"Mission: Impossible - The Final Reckoning" : Tom Cruise, le dernier samouraï de la scientologie
"Votre mission, si vous l'acceptez, consiste à porter haut les couleurs de l'Eglise de scientologie. Comme toujours, si vous ou votre carrière venait à souffrir de vos croyances religieuses, l'état-major de l'organisation nierait avoir eu connaissance de vos agissements. Ce message s'autodétruira dans cinq secondes." C'est presque le message qu'aurait pu recevoir Tom Cruise quand il s'est converti, voilà presque quarante ans. Alors qu'il va grimper – sans courir, pour une fois – les marches du palais des Festivals de Cannes, mercredi 14 mai, pour présenter le huitième opus de Mission: Impossible - The Final Reckoning, l'acteur demeure associé à l'une des organisations religieuses les plus opaques de la planète. Une fidélité au long cours qu'il a d'abord tenue discrète, avant de l'étaler à la face du monde. Ce qui n'a pas été sans dommages pour la carrière de l'acteur le plus puissant d'Hollywood.
Tout était écrit dans les livres de L. Ron Hubbard, l'auteur de science-fiction devenu créateur de la scientologie. Dès 1955, il conçoit le "Project Celebrity" pour requinquer des stars sur le déclin et ainsi disposer de VRP acquis à sa cause. Quand Tom Cruise embrasse la pensée scientologue (au commencement était l'extraterrestre Xenu qui colonisa la Terre il y a 75 millions d'années...), c'est un acteur en pleine ascension, qui collectionne les succès comme Top Gun. Le 9 mai 1987, il se marie avec l'actrice scientologue Mimi Rogers. La date n'est pas choisie au hasard, souligne Tony Ortega, référence mondiale sur la scientologie via son site The Underground Bunker : l'ouvrage fondateur de Ron Hubbard, La Dianétique, a été publié le 9 mai 1950. "Qu'il se marie selon le rite scientologue, précisément le jour plus important du calendrier de ce culte, atteste qu'il est devenu convaincu en très peu de temps."
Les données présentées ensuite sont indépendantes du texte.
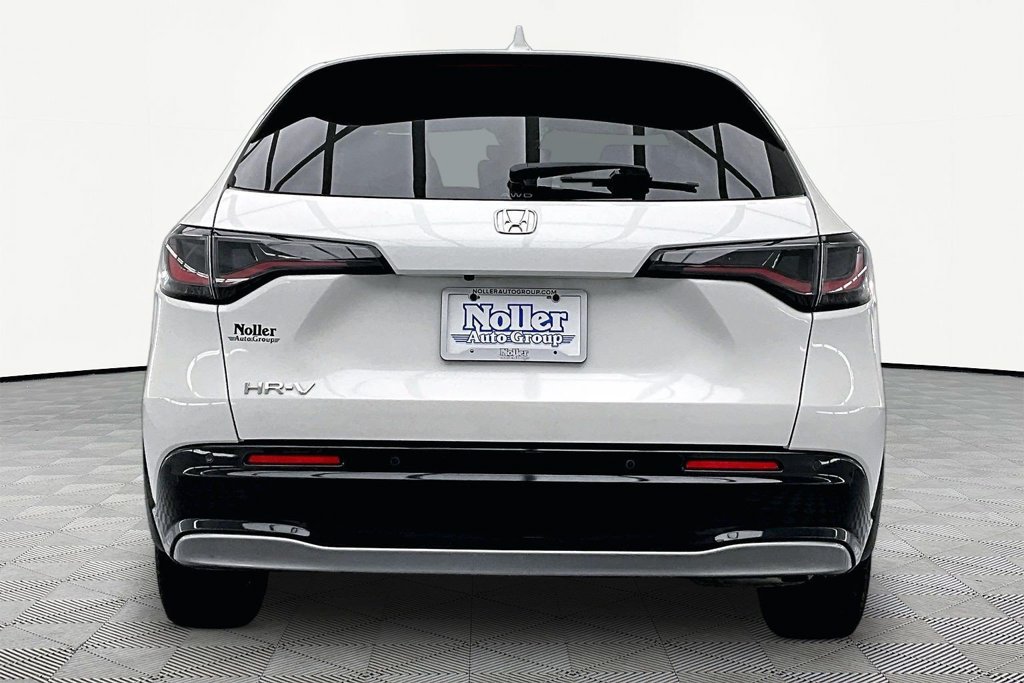 Used 2024 Honda HR-V EX-L image 4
Une agente au taquet night and day
L'idylle fait les gros titres, mais l'adhésion de Tom Cruise à la scientologie demeure secrète jusqu'à ce que la journaliste people Janet Charlton vende la mèche dans le tabloïd Star en juillet 1990 : "Ça a causé une sacrée pagaille", raconte-t-elle dans le livre Di$h: How Gossip Became the News. "Les scientologues sont devenus fous furieux et ont cherché à tout prix à remonter à ma source."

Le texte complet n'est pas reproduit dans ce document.